I say it’s cold today but, of course, running was colder in the 80’s.



I hesitate to use the words ‘fairly flat’ to describe the course. Those words have been misused quite a bit recently but this course does indeed fit that description... if you start running from around half way. In fact it’s probably even slightly downhill from there. The problem is the seriously ‘rolling’ first five miles. Did I say ‘rolling’? Because it felt like almost constant uphill at the time. Oh and I’m forgetting the sting in the tail, a final uphill section back to the finish by the windmill.

At the finish I’m handed a very nice technical tee shirt with quite a striking design on it that tells me I’ve just ran more than seven lengths of the Humber Bridge or 2,200 African elephants, if that’s how you prefer to measure things, or even more bizarrely 126,700 sparrows. How the hell did they work that one out?



I was pleased with my performance, mostly. I felt in quite good shape all the way around and my time was slightly quicker than the only other ten miler I can recall doing, the Chesterfield Spire 10 last year. The only real down side was that I’d been battling all the way with a ‘senior’ gentleman and was slightly gutted (ok massively gutted) when he skipped away from me on the final hill and beat me by, well, too many sparrows to mention, although probably not, thankfully, by a full elephant. So as the t-shirt says ‘1 happy runner’ (moderately).

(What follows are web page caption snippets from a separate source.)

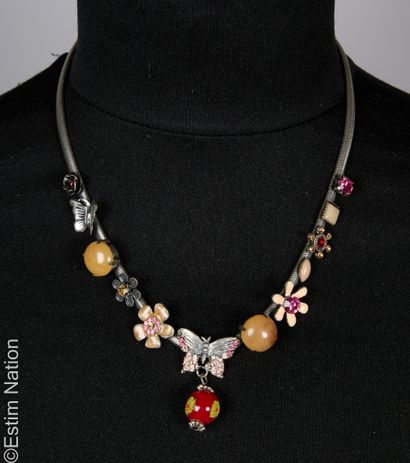 COLLIER 
Collier en acier composé d'une chaine...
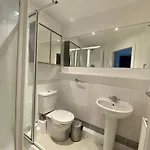度假居 Large 5-bed Centre Townhouse With Secure Parking *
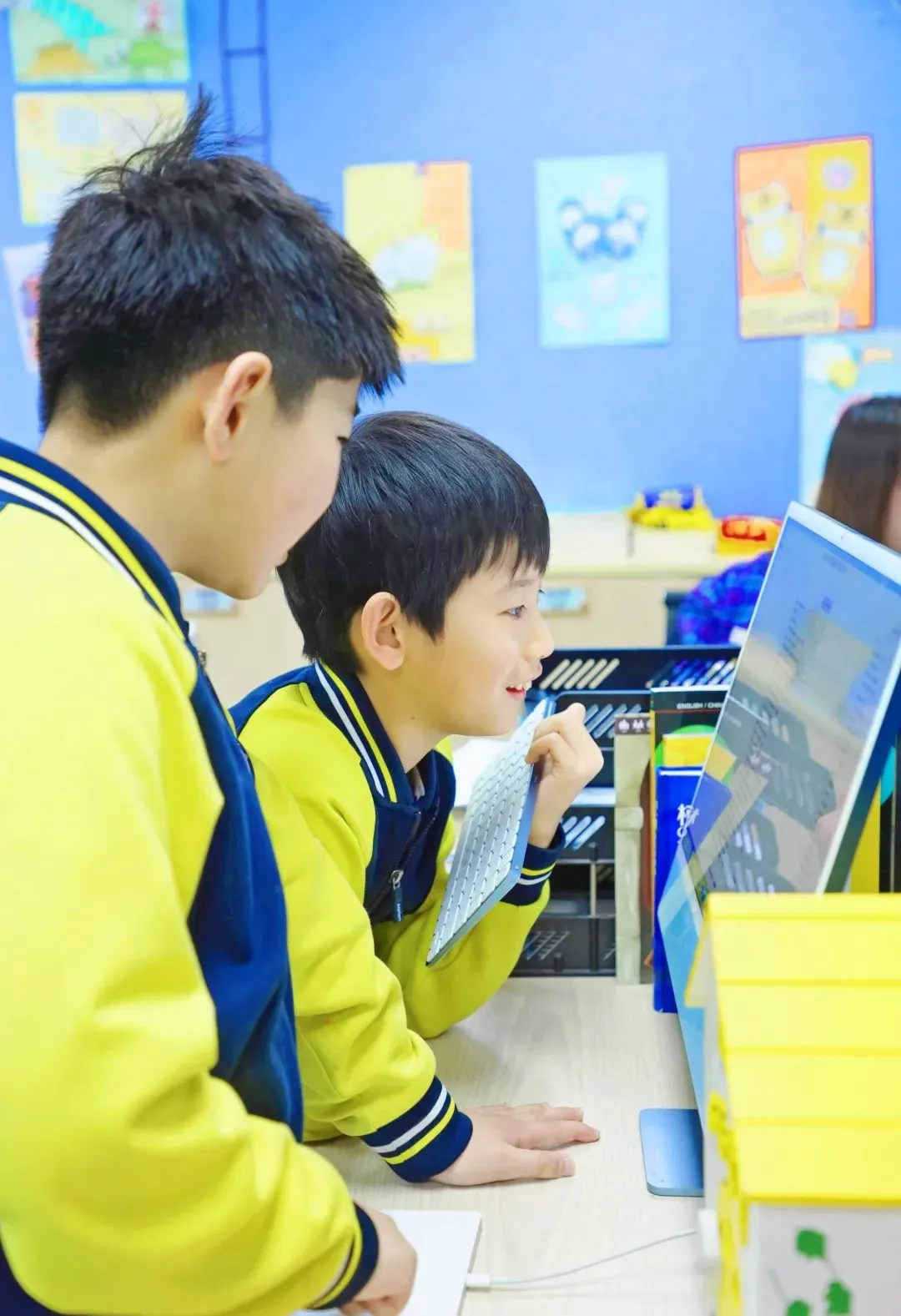 新府学的人工智能课程,与学校特色的项目式探究学习深度融合。(图 3)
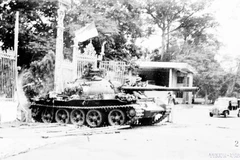 Xe tăng quân giải phóng băng qua cánh cổng sắt tiến vào Dinh Độc Lập, ngày 30/4/1975. (Ảnh: Vũ Tạo/TTXVN)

I walk back to the next village, where the car is parked, to collect the dogs and then we all head back to meet L. We don’t quite get there before she crosses the line. Although the dogs get the good walk that they desperately needed, whereas I get a ‘good’ walk I didn’t need at all.

After the race we head down to visit an old school friend of mine somewhere near Market Rasen and they kindly do us a cracking Sunday lunch. Great post-race recovery food.